41 En Jezus, gezeten zijnde tegenover de schatkist, zag, hoe de schare geld wierp in de schatkist; en vele rijken wierpen veel daarin.
Later Jesus sat down across from the treasury and watched how the crowd was putting money into the treasury. Many rich people put in large amounts.
42 En er kwam een arme weduwe, die twee kleine penningen daarin wierp, hetwelk is een oort.
Then a poor widow came and put in two small copper coins, which are worth a penny.
43 En Jezus, Zijn discipelen tot Zich geroepen hebbende, zeide tot hen: Voorwaar, Ik zeg u, dat deze arme weduwe meer ingeworpen heeft, dan allen, die in de schatkist geworpen hebben.

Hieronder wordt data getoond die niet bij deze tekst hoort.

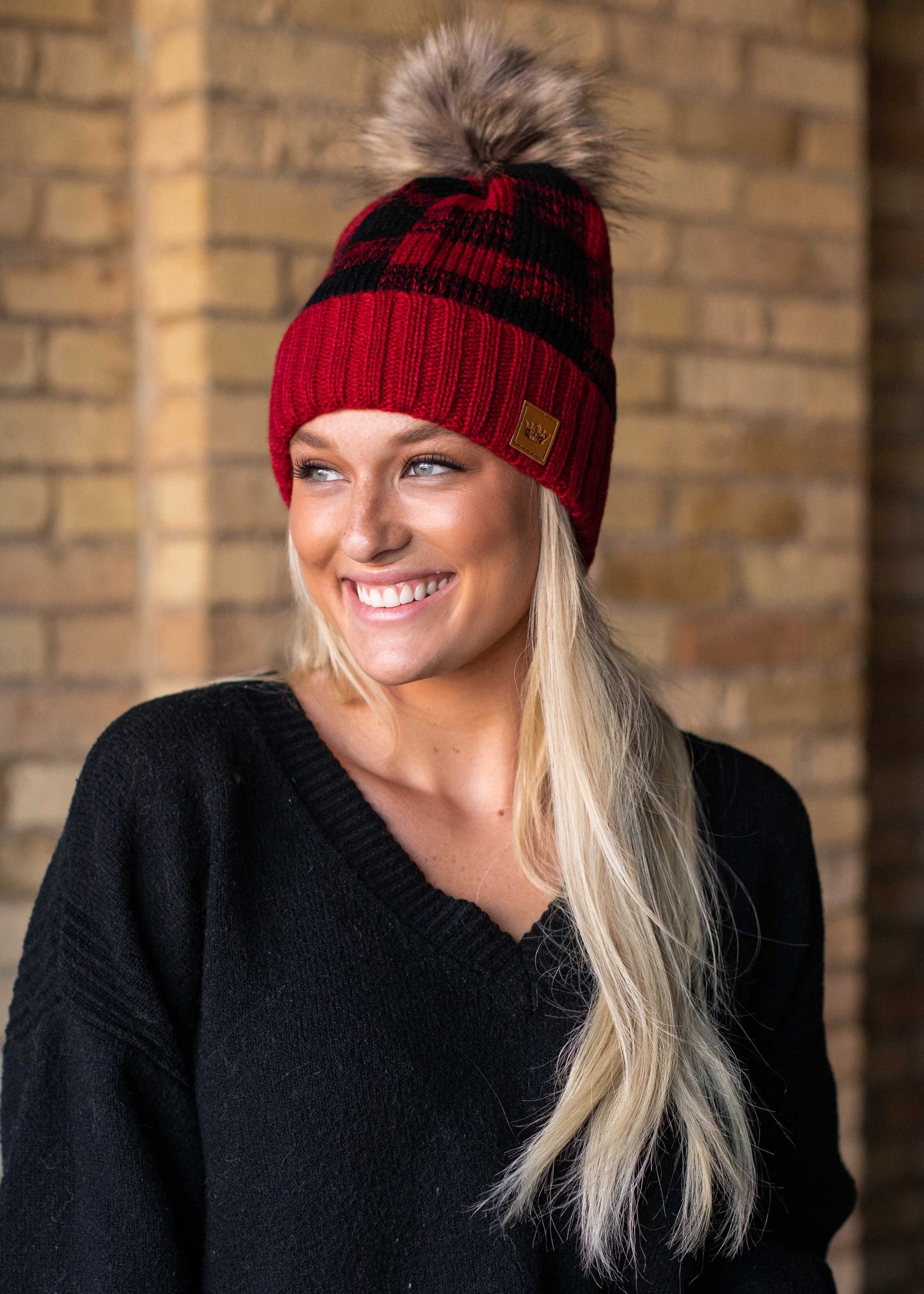 Red Buffalo Plaid Pom Hat Panache Apparel Co.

So Jesus called his disciples over and said to them, “Truly I say to you, this poor widow has put more money into the treasury than all the others.
44 Want zij allen hebben van hun overvloed daarin geworpen; maar deze heeft van haar gebrek, al wat zij had, daarin geworpen, haar gansen leeftocht.
For they have all put in money out of their abundance, but she, out of her poverty, has put in all that she had, her entire livelihood.”